1. The computing environment can be used to interpret one or more
gestures or other movements and, in response, update a visual space
on a display. The computing environment such as the computing
environment 12 described above may include a multimedia console
100, such as a gaming console. The multimedia console 100 has a
central processing unit (CPU) 101 having a level 1 cache 102, a
level 2 cache 104, and a flash ROM (Read Only Memory) 106. The
level 1 cache 102 and a level 2 cache 104 temporarily store data
and hence reduce the number of memory access cycles, thereby
improving processing speed and throughput. The CPU 101 may be
provided having more than one core, and thus, additional level 1
and level 2 caches 102 and 104. The memory 106 such as flash ROM
may store executable code that is loaded during an initial phase of
a boot process when the multimedia console 100 is powered on.
[0053] A graphics processing unit (GPU) 108 and a video
encoder/video codec (coder/decoder) 114 form a video processing
pipeline for high speed and high resolution graphics processing.

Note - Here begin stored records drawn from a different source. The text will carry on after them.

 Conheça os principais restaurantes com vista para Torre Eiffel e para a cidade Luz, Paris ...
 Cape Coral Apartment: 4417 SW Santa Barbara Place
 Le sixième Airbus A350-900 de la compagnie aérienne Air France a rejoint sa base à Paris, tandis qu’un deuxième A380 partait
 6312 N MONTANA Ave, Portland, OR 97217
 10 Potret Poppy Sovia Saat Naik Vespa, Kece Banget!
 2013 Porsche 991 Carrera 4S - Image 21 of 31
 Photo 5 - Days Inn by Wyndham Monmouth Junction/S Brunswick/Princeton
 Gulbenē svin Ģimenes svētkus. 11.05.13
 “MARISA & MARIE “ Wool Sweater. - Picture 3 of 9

Data is carried from the graphics processing unit 108 to the video
encoder/video codec 114 via a bus. The video processing pipeline
outputs data to an A/V (audio/video) port 140 for transmission to a
television or other display. A memory controller 110 is connected
to the GPU 108 to facilitate processor access to various types of
memory 112, such as RAM (Random Access Memory).
[0054] The multimedia console 100 includes an I/O controller 120, a
system management controller 122, an audio processing unit 123, a
network interface 124, a first USB host controller 126, a second
USB controller 128 and a front panel I/O subassembly 130 that are
preferably implemented on a module 118. The USB controllers 126 and
128 serve as hosts for peripheral controllers 142(1)-142(2), a
wireless adapter 148, and an external memory device 146 (e.g.,
flash memory, external CD/DVD ROM drive, removable media, etc.).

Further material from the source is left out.